Of course, the poem and title conjure up the monologue and poem,”All the World’s a Stage,” in the play, As You Like It, by William Shakespeare:
All the world’s a stage, And all the men and women merely players; They have their exits and their entrances, And one man in his time plays many parts, His acts being seven ages. At first, the infant, Mewling and puking in the nurse’s arms. Then the whining schoolboy, with his satchel And shining morning face, creeping like snail Unwillingly to school. And then the lover, Sighing like furnace, with a woeful ballad Made to his mistress’ eyebrow. Then a soldier, Full of strange oaths and bearded like the pard, Jealous in honor, sudden and quick in quarrel, Seeking the bubble reputation Even in the cannon’s mouth. And then the justice, In fair round belly with good capon lined, With eyes severe and beard of formal cut, Full of wise saws and modern instances; And so he plays his part. The sixth age shifts Into the lean and slippered pantaloon, With spectacles on nose and pouch on side; His youthful hose, well saved, a world too wide For his shrunk shank, and his big manly voice, Turning again toward childish treble, pipes And whistles in his sound. Last scene of all, That ends this strange eventful history, Is second childishness and mere oblivion, Sans teeth, sans eyes, sans taste, sans everything.
Of course, if you are a playwright, everything looks like a stage…
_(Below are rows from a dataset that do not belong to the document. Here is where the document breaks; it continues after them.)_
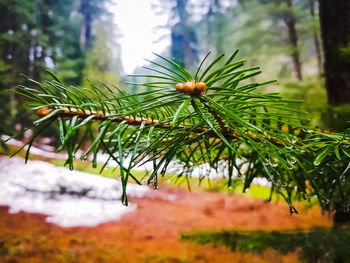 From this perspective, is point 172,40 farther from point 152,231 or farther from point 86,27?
point 152,231

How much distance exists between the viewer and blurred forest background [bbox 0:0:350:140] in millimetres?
5023

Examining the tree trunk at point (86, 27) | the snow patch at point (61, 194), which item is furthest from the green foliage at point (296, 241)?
the tree trunk at point (86, 27)

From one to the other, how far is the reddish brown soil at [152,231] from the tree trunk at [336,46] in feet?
2.67

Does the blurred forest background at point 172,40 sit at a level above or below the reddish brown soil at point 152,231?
above

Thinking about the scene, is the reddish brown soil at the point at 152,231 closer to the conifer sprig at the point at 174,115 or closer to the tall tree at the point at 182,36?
the conifer sprig at the point at 174,115

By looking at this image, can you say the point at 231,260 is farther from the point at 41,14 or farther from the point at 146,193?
the point at 41,14

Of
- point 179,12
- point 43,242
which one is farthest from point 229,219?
point 179,12

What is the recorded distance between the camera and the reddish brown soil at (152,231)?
1.76 metres

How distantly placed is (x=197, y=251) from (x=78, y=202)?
2.50 meters

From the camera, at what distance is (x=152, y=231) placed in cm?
255

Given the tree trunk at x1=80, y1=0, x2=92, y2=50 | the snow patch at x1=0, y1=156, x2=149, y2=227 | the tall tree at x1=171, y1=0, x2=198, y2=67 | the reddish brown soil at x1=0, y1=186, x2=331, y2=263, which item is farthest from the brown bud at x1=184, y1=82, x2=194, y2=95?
the tree trunk at x1=80, y1=0, x2=92, y2=50

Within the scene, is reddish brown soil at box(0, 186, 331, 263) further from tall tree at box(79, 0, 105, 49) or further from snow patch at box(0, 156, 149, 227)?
tall tree at box(79, 0, 105, 49)

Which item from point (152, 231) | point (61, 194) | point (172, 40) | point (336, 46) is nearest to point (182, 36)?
point (172, 40)

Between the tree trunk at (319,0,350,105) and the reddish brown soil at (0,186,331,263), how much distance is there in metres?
0.81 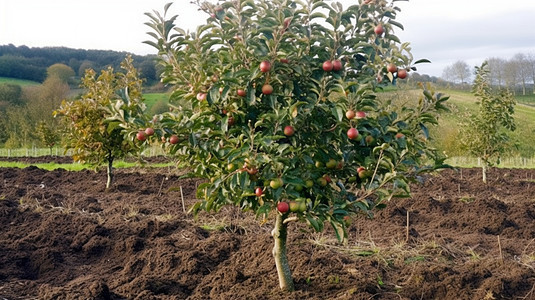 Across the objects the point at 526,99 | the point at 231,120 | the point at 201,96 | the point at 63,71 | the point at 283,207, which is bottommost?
the point at 526,99

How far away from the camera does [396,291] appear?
4.87 metres

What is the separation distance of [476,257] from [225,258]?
311 centimetres

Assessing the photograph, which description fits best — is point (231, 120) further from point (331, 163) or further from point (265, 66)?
point (331, 163)

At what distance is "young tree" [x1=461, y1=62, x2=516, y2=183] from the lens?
13.8m

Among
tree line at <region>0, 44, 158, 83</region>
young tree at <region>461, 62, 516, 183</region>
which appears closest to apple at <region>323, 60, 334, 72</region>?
young tree at <region>461, 62, 516, 183</region>

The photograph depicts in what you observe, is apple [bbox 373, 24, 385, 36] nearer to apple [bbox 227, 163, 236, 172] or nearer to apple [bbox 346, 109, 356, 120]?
apple [bbox 346, 109, 356, 120]

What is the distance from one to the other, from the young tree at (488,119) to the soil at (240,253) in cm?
465

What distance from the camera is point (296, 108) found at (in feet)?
11.4

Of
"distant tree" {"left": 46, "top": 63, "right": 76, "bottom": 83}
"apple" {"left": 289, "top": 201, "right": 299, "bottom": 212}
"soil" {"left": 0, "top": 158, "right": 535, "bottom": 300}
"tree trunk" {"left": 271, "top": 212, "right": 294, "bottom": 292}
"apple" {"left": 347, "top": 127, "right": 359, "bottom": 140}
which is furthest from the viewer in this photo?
"distant tree" {"left": 46, "top": 63, "right": 76, "bottom": 83}

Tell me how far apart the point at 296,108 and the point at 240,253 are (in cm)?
276

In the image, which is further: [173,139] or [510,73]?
[510,73]

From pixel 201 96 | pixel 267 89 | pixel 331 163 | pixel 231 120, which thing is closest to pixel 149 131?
pixel 201 96

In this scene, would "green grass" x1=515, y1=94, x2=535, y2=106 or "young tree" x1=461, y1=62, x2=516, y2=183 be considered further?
"green grass" x1=515, y1=94, x2=535, y2=106

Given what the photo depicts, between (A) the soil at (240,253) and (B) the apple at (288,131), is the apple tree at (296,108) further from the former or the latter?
(A) the soil at (240,253) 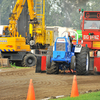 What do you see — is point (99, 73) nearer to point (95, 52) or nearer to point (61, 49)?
point (61, 49)

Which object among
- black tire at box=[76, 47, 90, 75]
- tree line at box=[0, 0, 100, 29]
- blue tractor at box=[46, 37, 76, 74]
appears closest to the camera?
blue tractor at box=[46, 37, 76, 74]

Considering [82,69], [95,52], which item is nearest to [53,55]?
[82,69]

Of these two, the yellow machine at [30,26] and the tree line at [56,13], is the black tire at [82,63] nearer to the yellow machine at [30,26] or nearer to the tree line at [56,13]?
the yellow machine at [30,26]

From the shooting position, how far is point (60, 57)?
15000mm

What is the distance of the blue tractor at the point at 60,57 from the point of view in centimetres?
1498

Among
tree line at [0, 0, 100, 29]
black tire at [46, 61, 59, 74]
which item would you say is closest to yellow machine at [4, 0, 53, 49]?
black tire at [46, 61, 59, 74]

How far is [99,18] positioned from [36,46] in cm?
1020

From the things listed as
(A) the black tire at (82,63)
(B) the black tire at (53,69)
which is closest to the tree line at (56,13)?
(A) the black tire at (82,63)

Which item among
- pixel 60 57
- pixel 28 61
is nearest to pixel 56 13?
pixel 28 61

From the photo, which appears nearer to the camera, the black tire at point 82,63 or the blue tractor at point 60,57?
the blue tractor at point 60,57

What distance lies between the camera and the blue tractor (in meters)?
15.0

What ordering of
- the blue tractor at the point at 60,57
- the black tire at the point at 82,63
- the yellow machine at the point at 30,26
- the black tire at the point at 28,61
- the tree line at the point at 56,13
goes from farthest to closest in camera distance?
the tree line at the point at 56,13, the yellow machine at the point at 30,26, the black tire at the point at 28,61, the black tire at the point at 82,63, the blue tractor at the point at 60,57

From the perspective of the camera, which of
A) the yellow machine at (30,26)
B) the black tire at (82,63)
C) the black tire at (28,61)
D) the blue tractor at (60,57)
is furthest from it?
the yellow machine at (30,26)

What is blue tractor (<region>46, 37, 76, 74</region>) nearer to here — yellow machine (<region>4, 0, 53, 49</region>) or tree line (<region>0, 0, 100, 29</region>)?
yellow machine (<region>4, 0, 53, 49</region>) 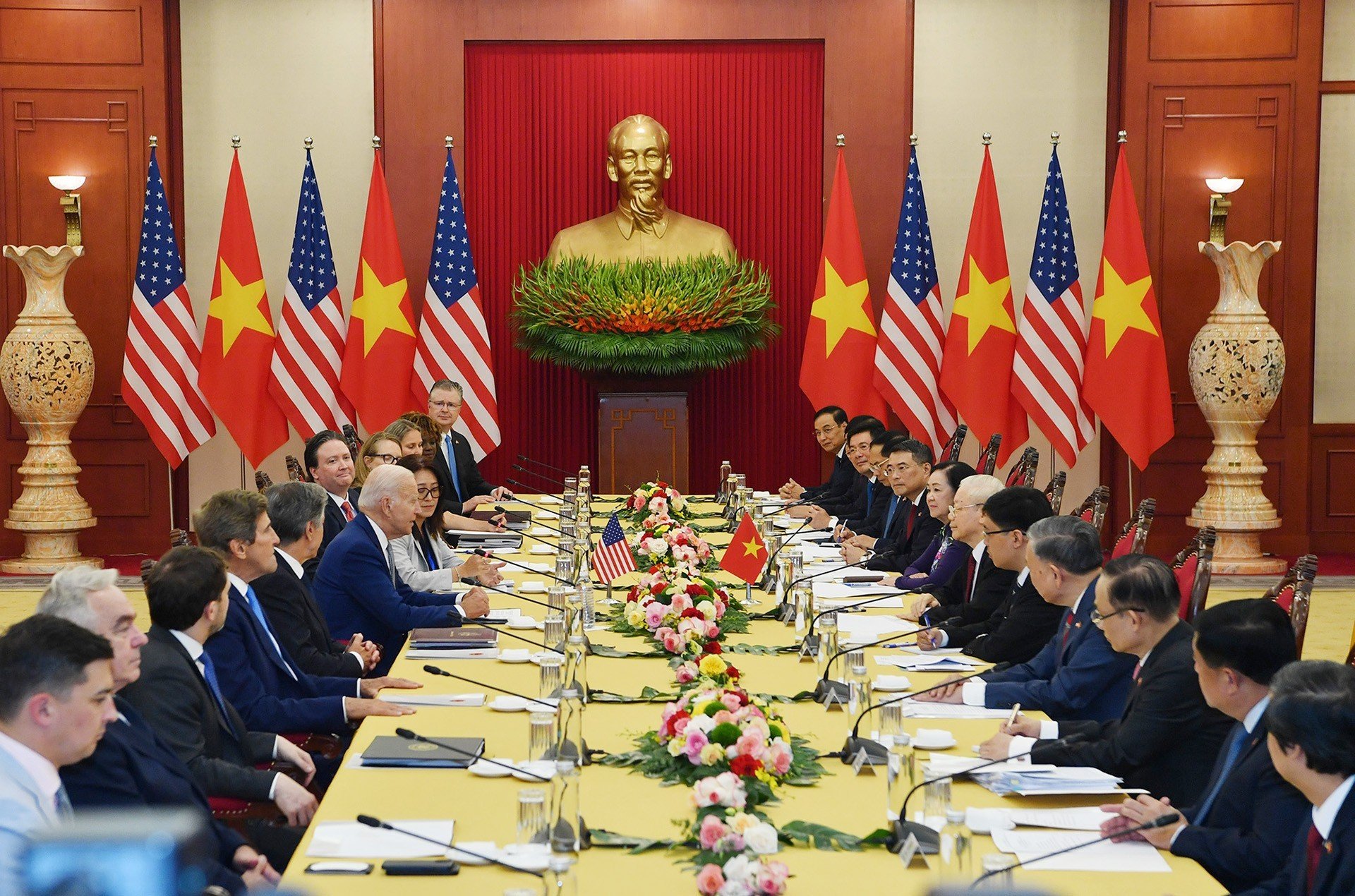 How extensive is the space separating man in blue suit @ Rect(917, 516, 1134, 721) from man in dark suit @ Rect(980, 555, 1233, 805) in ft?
0.87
Hope is a blood-borne pathogen The seed of martyrs Inflaming that allergy to injustice Present in us all Infected by a singular epiphany Of friend and foe Alike
I see hope as an irreducible reality in human nature. Just like “Truth, crushed to earth, will rise again” (William Cullen Bryant), hope is rooted in a realm that mere brute force or violence cannot destroy. Even in the face of deep despair and generations of disappointment, hope finds its way into our hearts. Hope rises like an infectious weed, out of control of the powers that be that rely on violence to grasp onto control. Trying to describe hope reminds of the description of love in the movie Shakespeare in Love: “Like a sickness and its cure together.” In this poem I use an analogy and metaphor of hope as an immune response by reality to injustice. Of course, viewing hope as an antidote or a poison or pathogen can be a matter of perspective. In the face of objectively crappy situations, hope can be viewed more cynically as Pollyannish. The blood of martyrs can be seen as a tragic waste or as fuel for hope and resistance to injustice. Hopes indefatigable nature can elicit respect and well…more hope. While I posit that hope has a mystical quality to it that cannot be banished, perhaps the closest I can get to capturing its essence is the last three lines of this poem where people are “infected” by a singular awareness that friend and foe are one, “alike.” I see hope emerging and growing where this epiphany takes root. For instance, I consider “Love your enemy as yourself” as Christianity’s greatest commandment. Jesus upgraded the Old Testament’s “love your neighbor” with this greatest of spiritual challenges:
“You have heard that it was said, `Love your neighbor and hate your enemy.’ But I tell you: Love your enemies and pray for those who persecute you, that you may be sons of your Father in heaven. He causes his sun to rise on the evil and the good, and sends rain on the righteous and the unrighteous. If you love those who love you, what reward will you get? Are not even the tax collectors doing that? And if you greet only your brothers, what are you doing more than others? Do not even pagans do that? Be perfect, therefore, as your heavenly Father is perfect.” (Matthew 5:43-48, NIV)
This is the greatest spiritual genius that I have ever seen! This strikes me as the most straightforward and simple way to encapsulate one of the most basic tensions in life: balancing self-interest with others’ interests. By explicitly linking these two, Jesus harnesses, leverages, and even redeems, the powerfully dangerous psychological dynamics of egocentricity and selfishness. No doubt, the trinity of hope, faith, and love is called upon to dare confront such a powerful challenge. Of course, the genius and simplicity of this formulation doesn’t make it easy. Though in it I find much hope, even infectious hope!